JAKARTA – Sebuah riset terbaru dari Kantar untuk Zoom, mengungkap kemunculan generasi baru di Asia Pasifik yang disebut AI natives, yaitu anak muda berusia 18-24 tahun yang tumbuh di era kecerdasan buatan (AI) dan kini aktif menggunakannya.
Dalam riset yang melibatkan 2.551 responden berusia 18–45 tahun di delapan negara di wilayah Asia Pasifik, 78% AI natives di Indonesia menginginkan layanan AI—khususnya untuk customer experience yang lebih cepat dan efisien, termasuk memperoleh respon secara instan.
Namun, 70% dari mereka tetap ingin bisa meneruskan keluhannya ke agen manusia, di mana 68% AI natives berharap para agen tersebut sudah lebih dulu memahami konteks masalah tanpa mereka perlu mengulang cerita dari awal.

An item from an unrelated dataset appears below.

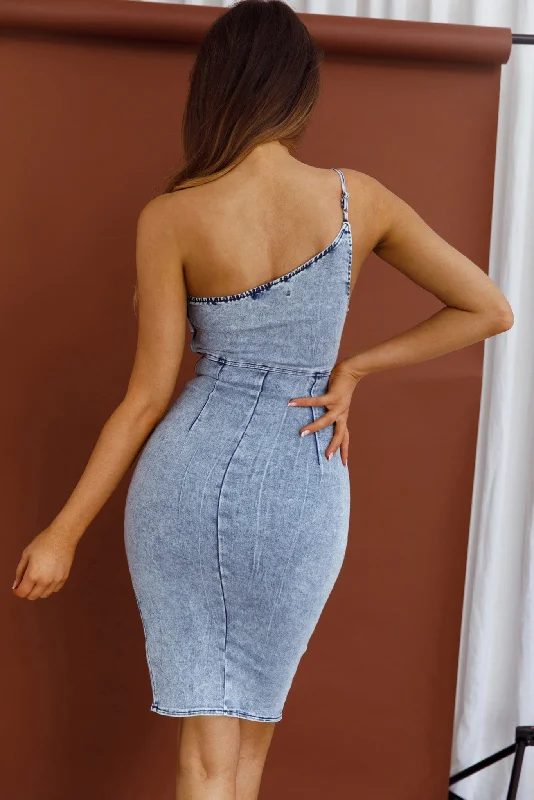 Sicily One-Shoulder Thigh Split Knee Length Dress Denim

“Generasi muda di Indonesia, misalnya, menegaskan bahwa koneksi manusia tetap tak tergantikan,” ujar Head of Asia, Zoom Lucas Lu dalam laporan tersebut dikutip Kamis, 13 November.
Selanjutnya riset ini juga melihat di mana AI natives di Indonesia cenderung tidak langsung berhenti menggunakan suatu brand setelah memperoleh pengalaman buruk (42%), tetapi mereka lebih sering mengekspresikan kekecewaan tersebut ke publik (62%).

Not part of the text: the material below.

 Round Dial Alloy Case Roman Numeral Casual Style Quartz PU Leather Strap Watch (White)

Beberapa contoh pengalaman buruk terhadap layanan suatu brand adalah ketika para pengguna ini menemukan perbedaan rekomendasi konten pada perangkat berbeda, meski akun yang mereka gunakan sama, atau mendapat respon berbeda dari kanal chat, email, dan telepon untuk masalah yang sama.
Meskipun hanya 52% yang merasa pengalaman buruk ini memengaruhi loyalitas mereka terhadap suatu brand, kebiasaan mereka dalam membagikan pengalaman negatif ke orang lain bisa berdampak besar terhadap reputasi brand.

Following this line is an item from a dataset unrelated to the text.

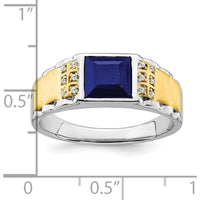 14K Two-Tone Gold Men's Ring with Princess Cut Lab-Created Sapphire and Round Diamonds - 2 Carat Sapphire, 0.06 Carat Total Diamond Weight by 0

Untuk menghindari hal tersebut, brand perlu memahami apa yang benar-benar diinginkan pelanggan. Bagi golongan AI natives Indonesia, komunikasi yang jelas dan transparan (68%), praktis (57%), dan respon yang cepat (55%) adalah kunci utama.
Hal yang sama juga diungkapkan oleh golongan non-AI natives, yang menyatakan bahwa kecepatan memperoleh respon (65%) menjadi faktor utama loyalitas mereka terhadap suatu brand.
Ketidakmampuan brand dalam memberikan solusi dengan cepat menjadi alasan terbesar yang memengaruhi loyalitas mereka (60%), jauh di atas rata-rata AI natives di Asia Pasifik (44%).
“Perusahaan juga perlu merancang penggunaan AI agar dapat memberikan pengalaman yang cepat, mudah, dan transparan, sembari tetap menjaga adanya sentuhan manusia untuk membangun kepercayaan,” tegas Lucas.